[R-sig-ME] Implications of modeling residuals in multilevel models
Martin Maechler
m@ech|er @end|ng |rom @t@t@m@th@ethz@ch
Thu Jan 4 09:05:58 CET 2024
>>>>> Ben Bolker
>>>>> on Fri, 22 Dec 2023 17:07:13 -0500 writes:
> On 2023-12-22 4:50 p.m., Simon Harmel wrote:
>> Dear Ben,
>>
>> These are exactly what I was looking for! Thank you so much. Please
>> allow me to clarify my 2nd question.
>>
>> When I compare predict(MODEL) with predict(model_with_no_resid_modeled),
>> the former looks quite normal and unimodal in shape but the latter looks
>> multi-model (see the illustration below).
>>
>> This made me think: should a good-fitting model produce normally
>> distributed predicted values? And does such a model do a better job of
>> predicting the value of random draw from the y population?
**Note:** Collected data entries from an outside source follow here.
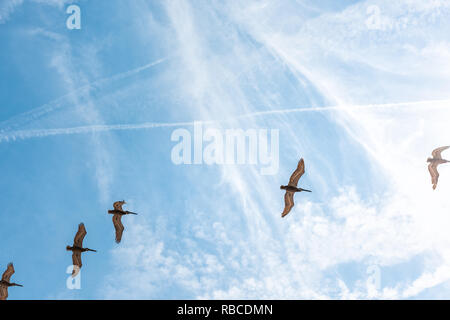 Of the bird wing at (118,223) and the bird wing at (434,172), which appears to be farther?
the bird wing at (118,223)

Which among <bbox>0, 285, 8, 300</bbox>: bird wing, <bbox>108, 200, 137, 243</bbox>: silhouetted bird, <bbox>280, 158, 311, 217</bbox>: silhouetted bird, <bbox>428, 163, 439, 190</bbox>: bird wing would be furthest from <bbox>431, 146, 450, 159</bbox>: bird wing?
<bbox>0, 285, 8, 300</bbox>: bird wing

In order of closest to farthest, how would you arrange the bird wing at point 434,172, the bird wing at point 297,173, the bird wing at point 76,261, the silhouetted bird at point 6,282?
1. the bird wing at point 297,173
2. the silhouetted bird at point 6,282
3. the bird wing at point 434,172
4. the bird wing at point 76,261

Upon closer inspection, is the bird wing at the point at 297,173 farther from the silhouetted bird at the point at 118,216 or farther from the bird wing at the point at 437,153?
the silhouetted bird at the point at 118,216

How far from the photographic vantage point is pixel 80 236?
215 feet

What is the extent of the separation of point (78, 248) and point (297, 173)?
109ft

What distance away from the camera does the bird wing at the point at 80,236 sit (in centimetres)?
6450

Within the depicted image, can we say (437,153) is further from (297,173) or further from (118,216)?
(118,216)

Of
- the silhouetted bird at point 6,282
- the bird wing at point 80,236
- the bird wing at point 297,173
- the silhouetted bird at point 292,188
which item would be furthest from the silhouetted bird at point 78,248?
the bird wing at point 297,173

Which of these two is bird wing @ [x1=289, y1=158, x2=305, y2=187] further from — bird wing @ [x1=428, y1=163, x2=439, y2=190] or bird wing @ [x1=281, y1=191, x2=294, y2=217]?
bird wing @ [x1=428, y1=163, x2=439, y2=190]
> Ideally the *marginal* (overall) distribution of *predictions*
> should match the marginal distribution of the response variable (this is
> what the 'posterior predictive check' panel of
> performance::check_model() does).
Well, only approximately and only if you have enough degrees of freedom.
Remember the simple (homo schedastic) LS case where
Cov(Y^) = \sigma^2 * (I - P)
P = H is the projection / hat matrix X' (X'X)^{-1} X
So, the variances of Y^_i are *smaller* than those of the Y_i
> If the marginal distribution of your
> data is skewed, then the marginal distribution of your prediction should
> be skewed in the same way -- if it's not, then it's not doing a good job
> describing the data.
> m <- lm(mpg ~ cyl + disp, mtcars)
> performance::check_model(m, check = "pp_check")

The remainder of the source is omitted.